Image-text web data
* * *
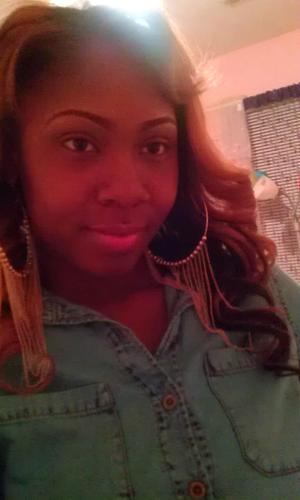 Im 23 Wit Dis Shiss! Was A Redd Head Now Imma Blonde Head, Now Gon Head and Mash Follow =) #teambabyphilip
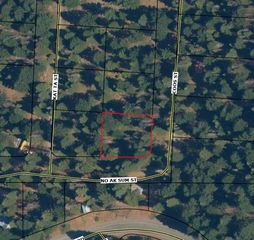 0 Coos-Ta Street Lot 6, Klamath Falls, OR 97601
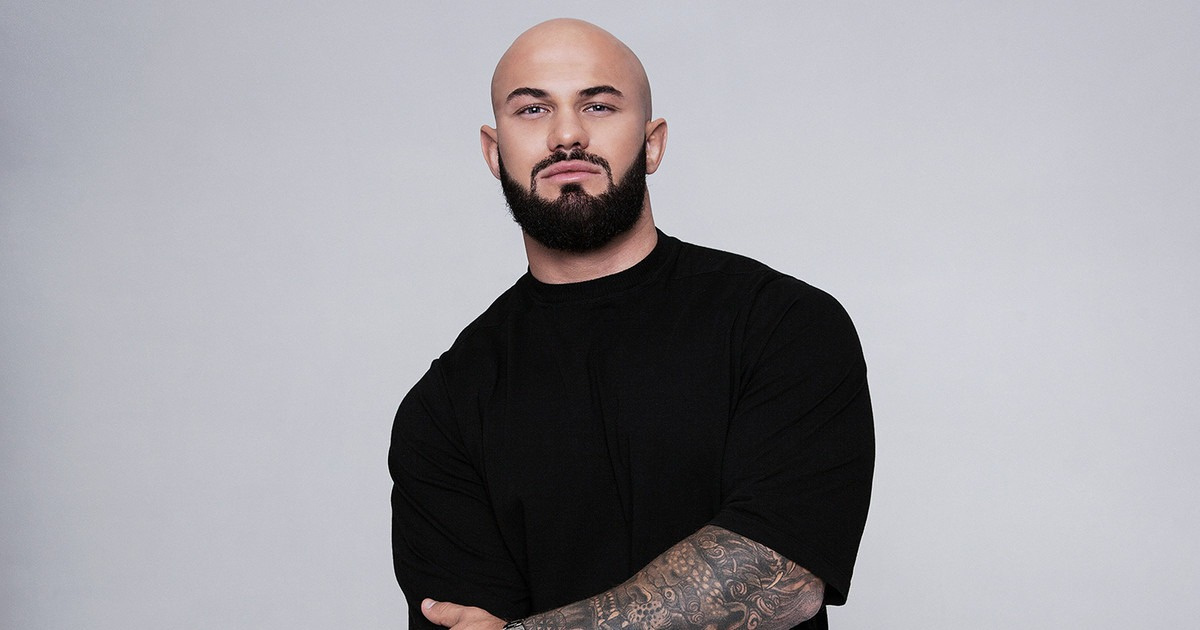 Где прячут Джигана, и что ждет его брак с Оксаной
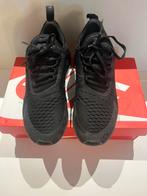 NIKE TOPkwaliteit sportschoenen 3DAGEN GEDRAGEN!!, Kleding | Heren, Schoenen, Nike, Ophalen of Verzenden, Zo goed als nieuw, Sportschoenen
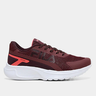 Imagem da oferta Tenis Fila Prize Feminino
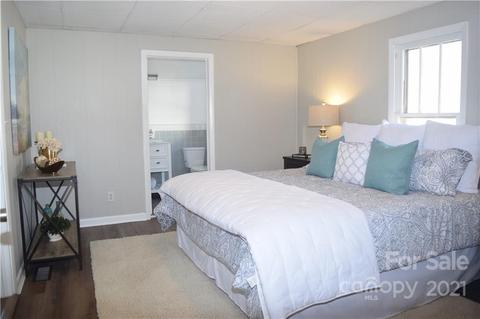 4125 Herman Sipe Rd, Conover, NC 28613 photo 8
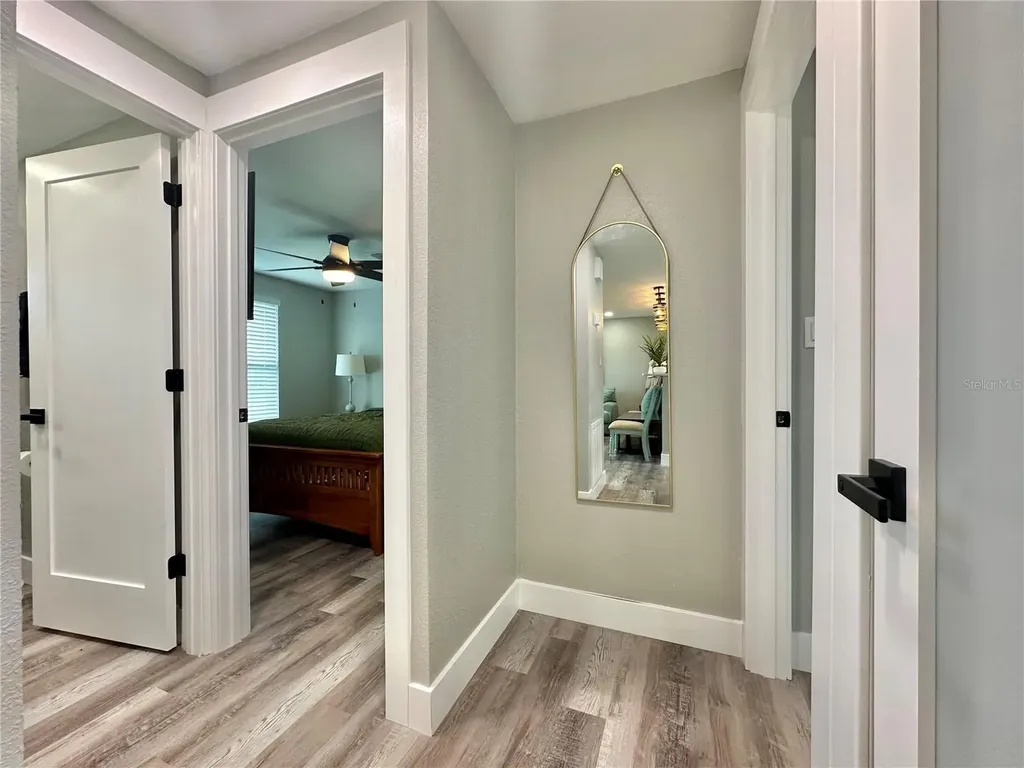 3324 Port Charlotte Boulevard Port Charlotte FL 33952
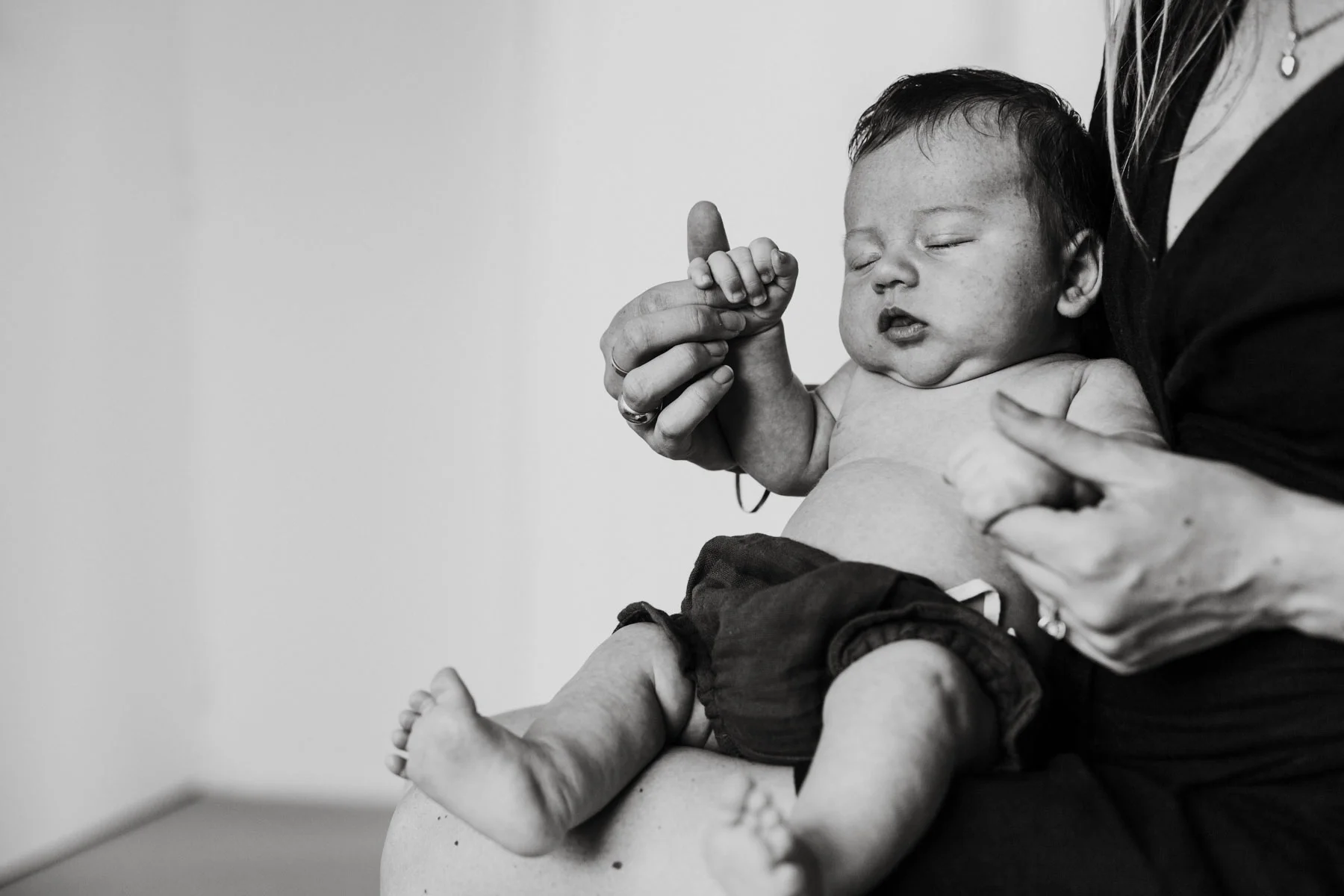 Newborn baby Raf Tauranga-8983.jpg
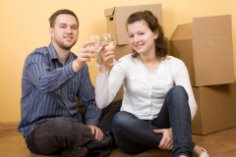 Головна 26 Як знайти сусіда для спільної оренди житла?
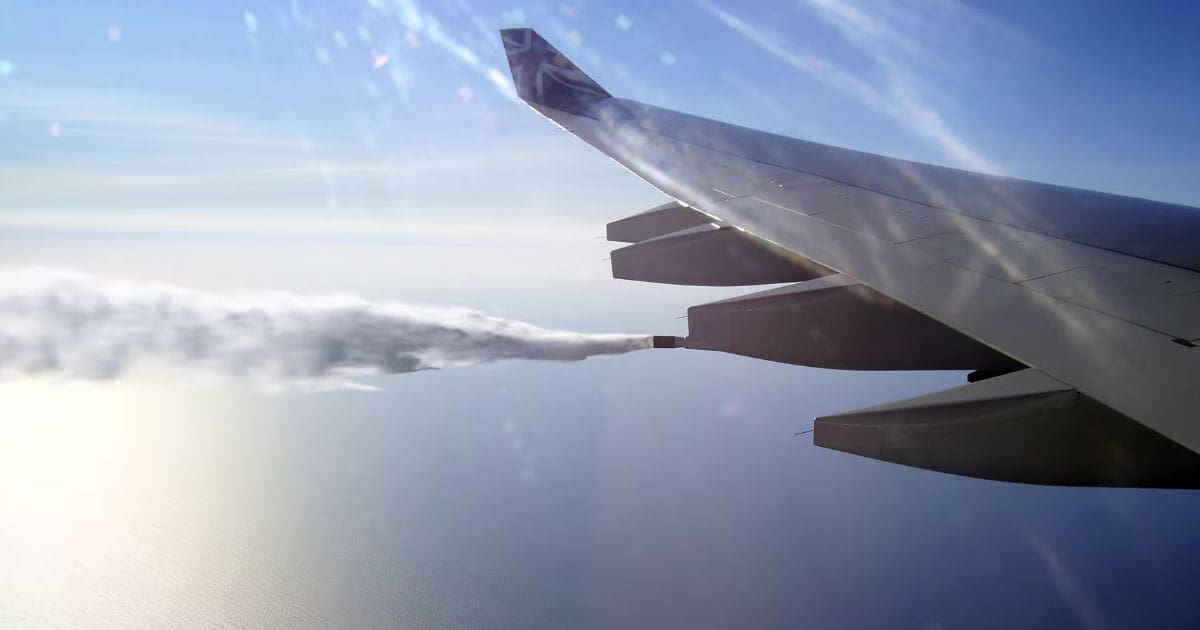 fuel-dumping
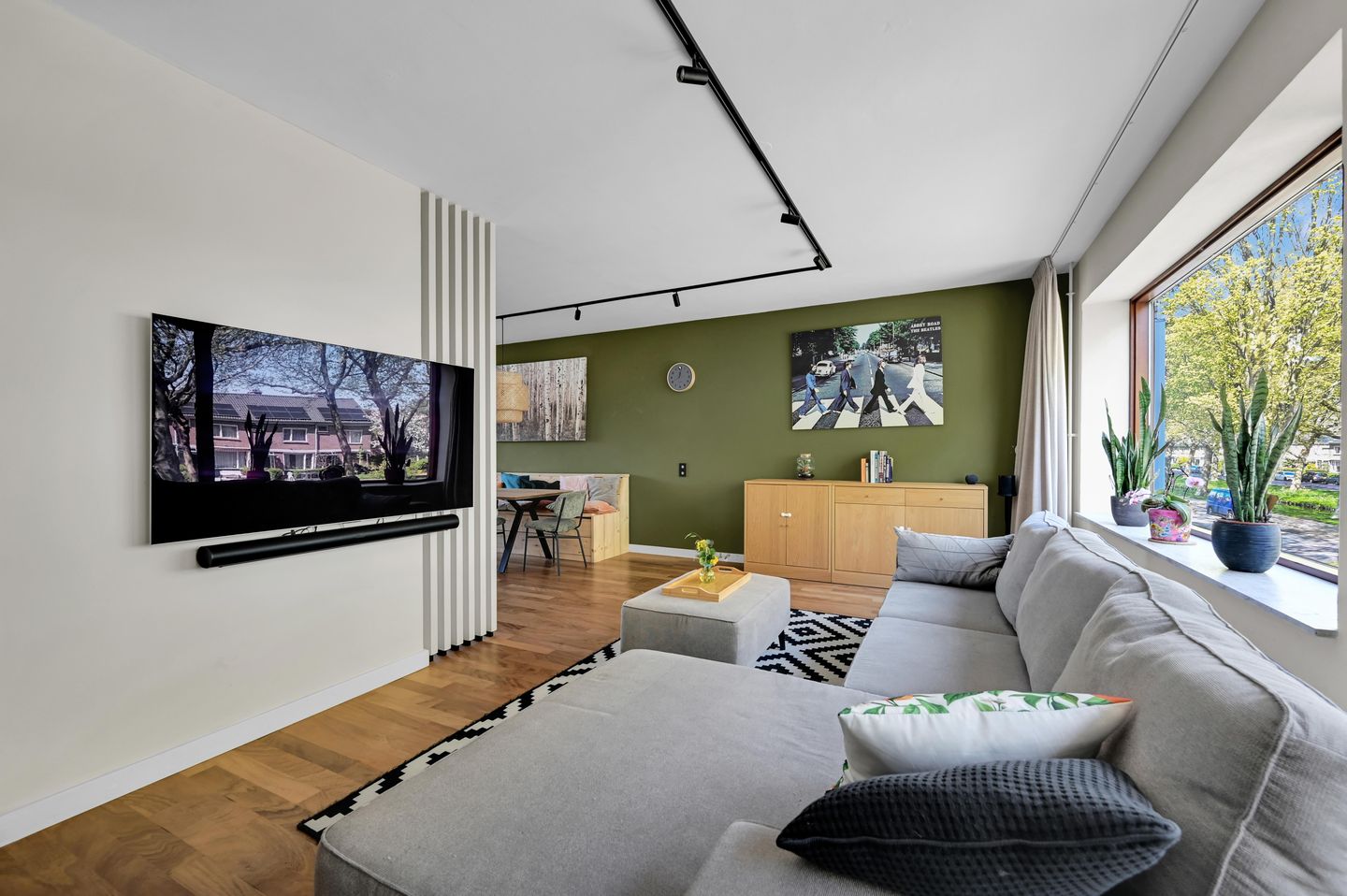 Photo 20 of Van Groeneveltlaan 19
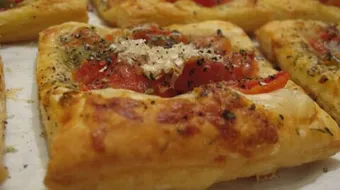 أبسط وأسرع الأكلات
* * *
__Task details__
Leaving pictures out, output the lines of the data above from the one with "Где прячут Джигана, и" through the one with "Imagem da oferta Tenis Fila Prize Feminino", word for word.

__Finished task__
 Где прячут Джигана, и что ждет его брак с Оксаной
 NIKE TOPkwaliteit sportschoenen 3DAGEN GEDRAGEN!!, Kleding | Heren, Schoenen, Nike, Ophalen of Verzenden, Zo goed als nieuw, Sportschoenen
 Imagem da oferta Tenis Fila Prize Feminino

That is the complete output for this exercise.